TASK OBJECTIVE
Each line below should be repeated exactly, but no picture should be carried over.

INFORMATION SUPPLIED
Segment Open
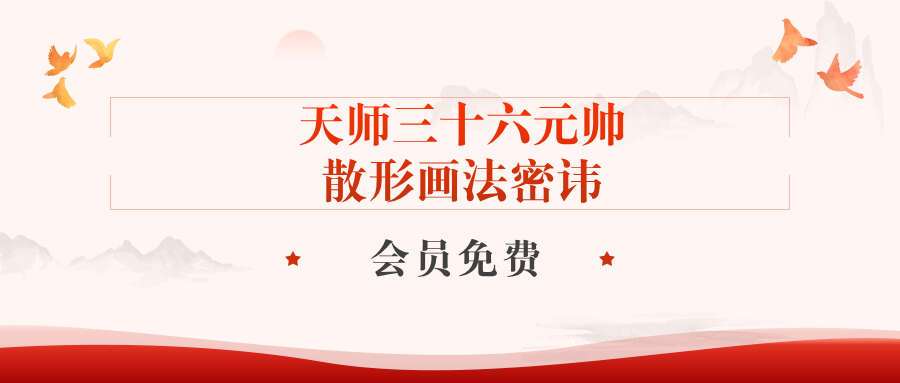 天师三十六元帅散形画法密讳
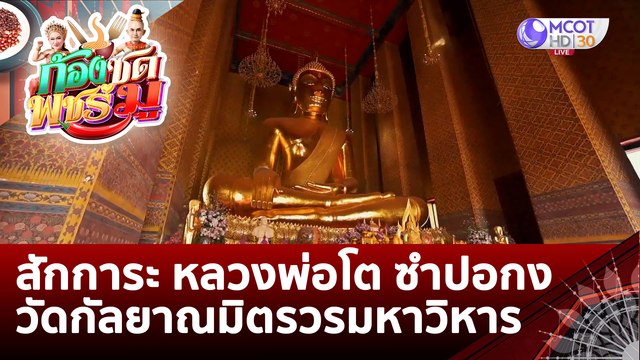 (คลิปเต็ม) สักการะ หลวงพ่อโต ซำปอกง วัดกัลยาณมิตรวรมหาวิหาร | ก้องซด พชร์มู (6 ก.ย. 65)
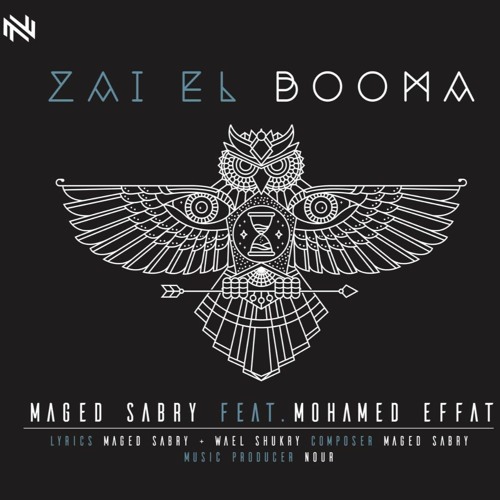 Maged Sabry feat. Mohamed Effat - Zai el booma / ماجد صبري و محمد عفت - زي البومة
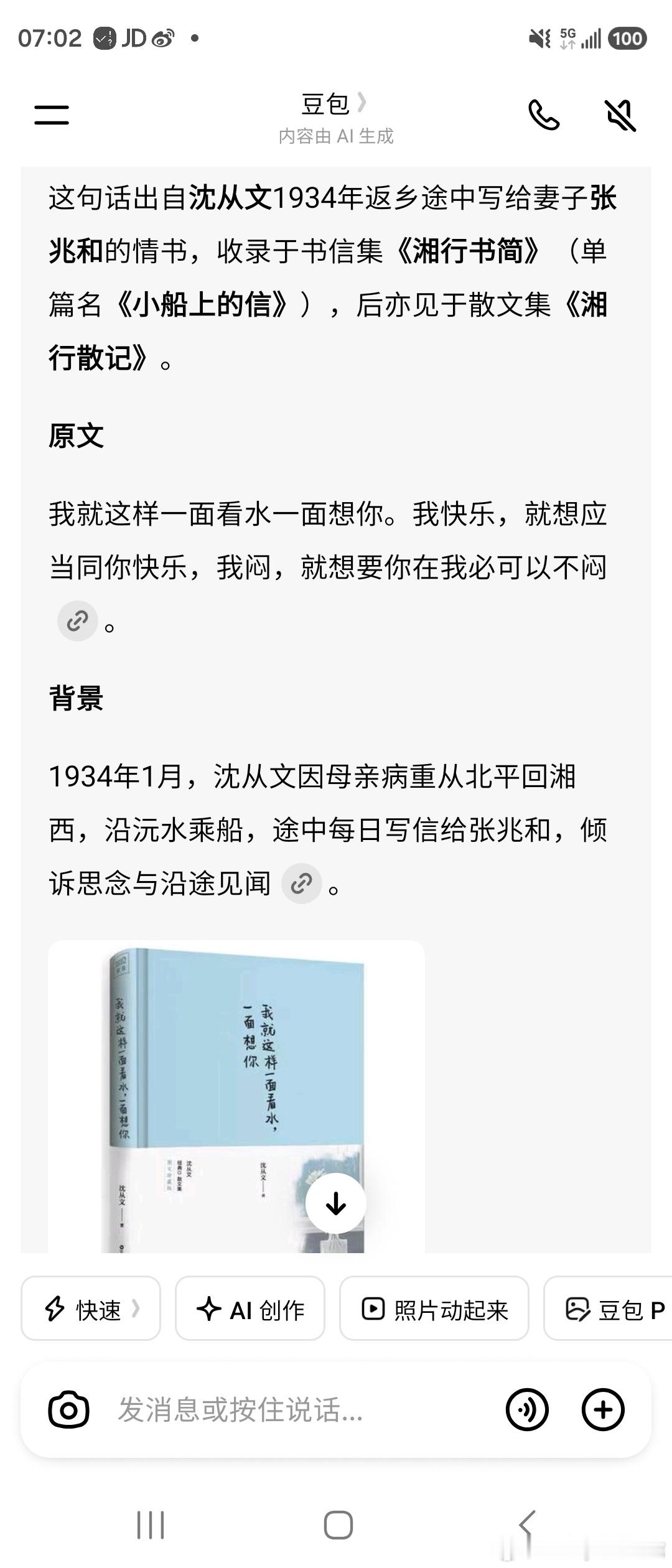 今夕赫夕 老张是不是收藏了什么沈从文情话全集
Segment Closed
YOUR RESPONSE
 天师三十六元帅散形画法密讳
 (คลิปเต็ม) สักการะ หลวงพ่อโต ซำปอกง วัดกัลยาณมิตรวรมหาวิหาร | ก้องซด พชร์มู (6 ก.ย. 65)
 Maged Sabry feat. Mohamed Effat - Zai el booma / ماجد صبري و محمد عفت - زي البومة
 今夕赫夕 老张是不是收藏了什么沈从文情话全集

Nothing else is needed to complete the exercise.